··· Dataset entries ···

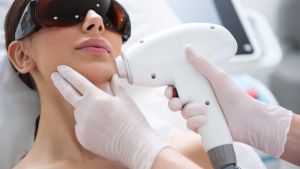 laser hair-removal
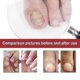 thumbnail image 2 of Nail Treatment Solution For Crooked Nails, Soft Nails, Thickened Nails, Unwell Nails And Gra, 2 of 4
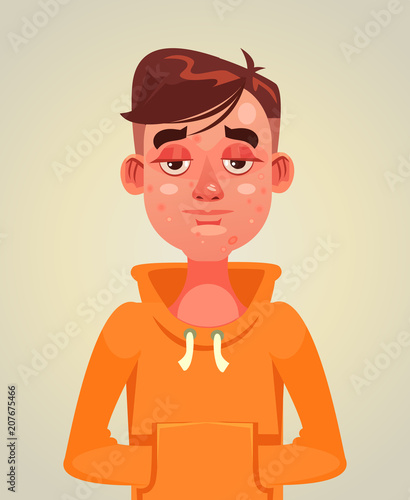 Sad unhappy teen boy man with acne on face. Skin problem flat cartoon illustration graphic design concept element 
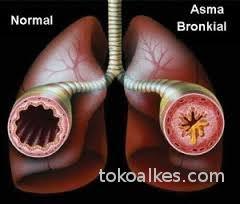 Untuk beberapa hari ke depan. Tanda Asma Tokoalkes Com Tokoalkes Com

···
··· Dataset entries ···

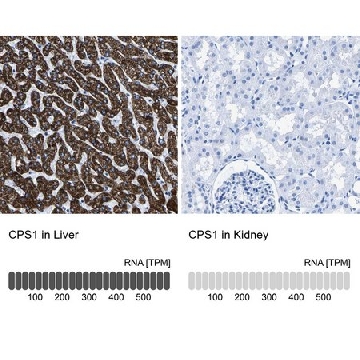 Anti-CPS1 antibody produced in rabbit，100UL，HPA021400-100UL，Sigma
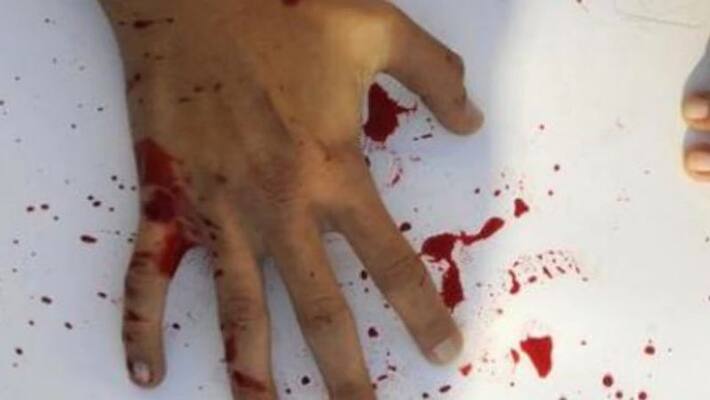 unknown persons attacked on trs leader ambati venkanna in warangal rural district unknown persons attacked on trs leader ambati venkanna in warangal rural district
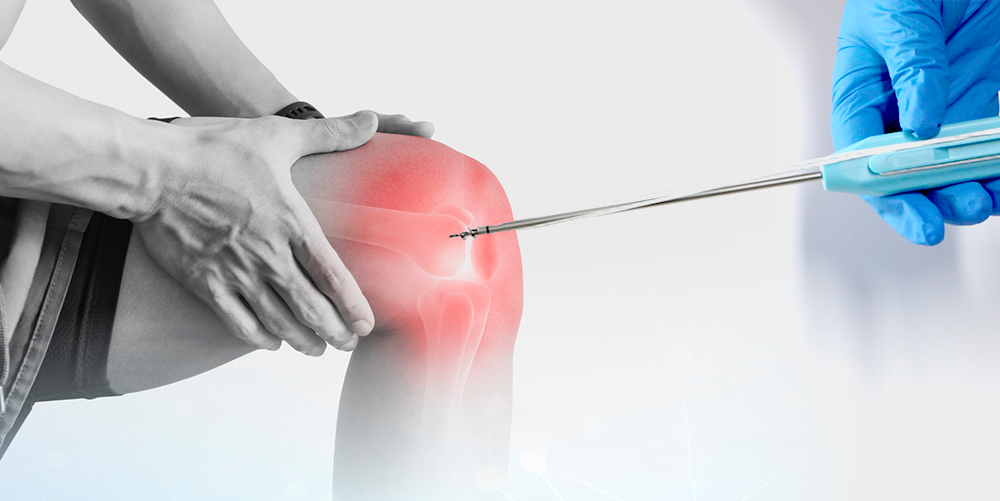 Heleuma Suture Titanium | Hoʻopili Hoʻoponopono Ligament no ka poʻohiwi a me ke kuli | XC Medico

···
··· Dataset entries ···

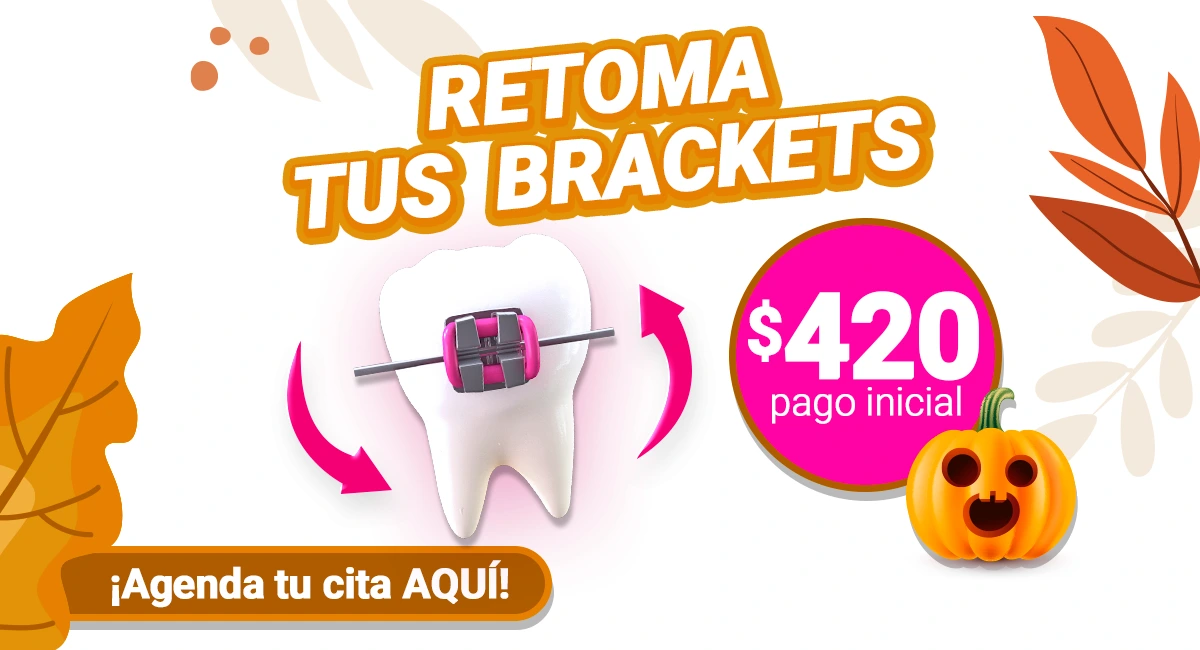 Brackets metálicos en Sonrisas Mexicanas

···

--- Exercise brief ---
No picture is to be printed. Output exactly the lines above from the line containing "laser hair-removal" through the line containing "thumbnail image 2".

--- Your solution ---
 laser hair-removal
 thumbnail image 2 of Nail Treatment Solution For Crooked Nails, Soft Nails, Thickened Nails, Unwell Nails And Gra, 2 of 4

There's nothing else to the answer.